We introduce a study, in which the possibility of determining surface wave phase velocities and source directions from collocated measurements of translational and vertical rotational motions excited by ambient seismic noise sources is investigated.

Assuming plane, horizontally polarized shear waves, the information about the local phase velocity is contained in the amplitude ratio of transversal acceleration and rotation rate.

The first set of data consists out of data recorded at the geodetic observatory in Wettzell using the high quality rotational motion ringlaser sensor and the collocated STS2-broadband seismometer. Data analysis shows the possibility of determining local phase velocities from ambient seismic noise data in the primary and secondary oceanic microseisms frequency band. Furthermore it is possible to estimate the backazimuthal direction of the generating areas of oceanic microseisms.

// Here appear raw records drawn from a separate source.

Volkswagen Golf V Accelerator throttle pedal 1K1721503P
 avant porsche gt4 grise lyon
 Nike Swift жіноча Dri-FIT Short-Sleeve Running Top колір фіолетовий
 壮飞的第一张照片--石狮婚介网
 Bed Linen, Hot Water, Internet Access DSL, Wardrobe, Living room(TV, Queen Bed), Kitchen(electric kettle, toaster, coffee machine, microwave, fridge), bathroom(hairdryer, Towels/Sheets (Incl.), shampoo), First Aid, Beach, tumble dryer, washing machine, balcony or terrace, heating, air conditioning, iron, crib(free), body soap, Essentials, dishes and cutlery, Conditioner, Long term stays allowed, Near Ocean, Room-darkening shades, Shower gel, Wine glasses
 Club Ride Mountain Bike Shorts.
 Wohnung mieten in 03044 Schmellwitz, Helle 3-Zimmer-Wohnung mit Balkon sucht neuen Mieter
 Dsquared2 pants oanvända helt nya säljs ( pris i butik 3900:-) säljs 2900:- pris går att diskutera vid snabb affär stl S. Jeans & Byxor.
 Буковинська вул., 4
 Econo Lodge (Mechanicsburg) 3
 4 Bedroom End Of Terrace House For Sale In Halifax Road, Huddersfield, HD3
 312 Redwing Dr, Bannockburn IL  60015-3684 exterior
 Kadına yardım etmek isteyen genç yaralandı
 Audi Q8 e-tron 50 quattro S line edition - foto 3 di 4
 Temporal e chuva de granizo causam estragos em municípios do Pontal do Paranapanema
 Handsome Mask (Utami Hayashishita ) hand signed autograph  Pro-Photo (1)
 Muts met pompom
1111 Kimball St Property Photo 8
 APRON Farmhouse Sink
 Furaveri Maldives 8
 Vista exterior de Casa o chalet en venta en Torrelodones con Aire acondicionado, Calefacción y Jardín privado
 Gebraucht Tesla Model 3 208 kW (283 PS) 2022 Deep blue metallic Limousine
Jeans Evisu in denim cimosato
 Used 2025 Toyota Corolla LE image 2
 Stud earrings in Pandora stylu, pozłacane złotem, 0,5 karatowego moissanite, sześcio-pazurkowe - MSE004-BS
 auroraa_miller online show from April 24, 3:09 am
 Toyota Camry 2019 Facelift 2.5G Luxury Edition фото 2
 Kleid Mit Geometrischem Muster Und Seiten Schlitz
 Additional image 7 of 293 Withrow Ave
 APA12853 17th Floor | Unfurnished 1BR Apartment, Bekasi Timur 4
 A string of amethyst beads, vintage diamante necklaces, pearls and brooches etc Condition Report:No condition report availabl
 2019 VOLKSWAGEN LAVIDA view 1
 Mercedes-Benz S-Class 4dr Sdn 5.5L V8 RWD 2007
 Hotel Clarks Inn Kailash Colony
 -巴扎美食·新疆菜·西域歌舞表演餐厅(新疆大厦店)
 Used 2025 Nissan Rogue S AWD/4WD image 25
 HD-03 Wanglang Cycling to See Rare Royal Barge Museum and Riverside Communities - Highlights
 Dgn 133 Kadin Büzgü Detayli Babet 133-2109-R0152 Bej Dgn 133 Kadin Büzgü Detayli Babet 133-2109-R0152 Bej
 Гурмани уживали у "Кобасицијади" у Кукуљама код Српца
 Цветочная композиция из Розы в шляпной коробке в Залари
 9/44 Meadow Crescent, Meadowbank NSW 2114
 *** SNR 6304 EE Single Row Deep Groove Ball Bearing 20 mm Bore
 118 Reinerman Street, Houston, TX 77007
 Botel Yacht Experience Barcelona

An additional data set was acquired using the portable angular motion sensor R1 and a Trillium compact broadband seismometer in field operation. Data analysis in the microseisms frequency band clearly showed the necessity of higher quality and more sensitive portable angular motion sensors. Investigations of ambient noise in the frequency band above 10 Hz were compared with results derived from seismic array measurements and show a clear consistency in the phase velocity estimation.